A lucky bounce helped Virginia beat Auburn for a place in the NCAA tournament final



The officials in last night's Auburn-Virginia Final Four game missed a big call and caused a controversial ending to a game that deserved much better, as the referees of the university usually do. With less than a second remaining, Samir Doughty of Auburn made a mistake in the worst case and committed a foul on Kyle Guy, one of the best free throws shooters in the country, in his probable attempt to gain three points. It was a call that surprised many, given the old belief that officials must "swallow their whistles" in the final moments of the game so that players can decide at the expense of a little extra physicality. Guy would continue to hit his three free throws to give his team a 63-62 victory and a trip to the final.

But, despite the cries of many, it was the right call. No, the real controversy was not discovered until shortly after the game ended.
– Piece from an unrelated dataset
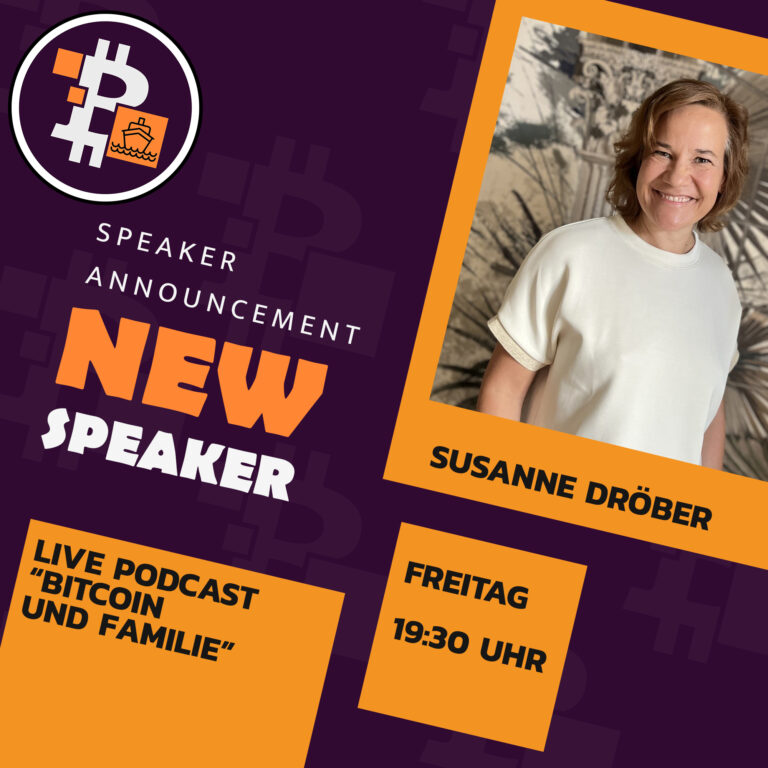 Susanne Dröber ist Autorin, Podcasterin und Mutter und beschäftigt sich mit der Frage, wie Familien heute freier und bewusster leben können. In ihrem Podcast „Fix the Family – Frei sein mit Kindern“ spricht sie darüber, wie Systeme rund um Geld, Arbeit oder Bildung Familien beeinflussen – und wie mehr Selbstbestimmung, Verantwortung und neue Denkweisen möglich werden.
In the second review of the play, just before the Virginia limits, it seemed that Ty Jerome, of Virginia, had lost control of the ball of his own leg, had recovered it and then continued to dribble as if nothing had happened. Usually, it is called as a double bargaining, but officials did nothing about it. In fact, not even the players or coaches who had some of the best views of the game did not seem to know what happened.

Take the interview between Tracy Wolfson and Guy from CBS, for example. Wolfson asked Guy about the "controversial call" at the end, but that meant the shot and he only mentioned Jerome's confidence in him when he talked about the pbading of limits.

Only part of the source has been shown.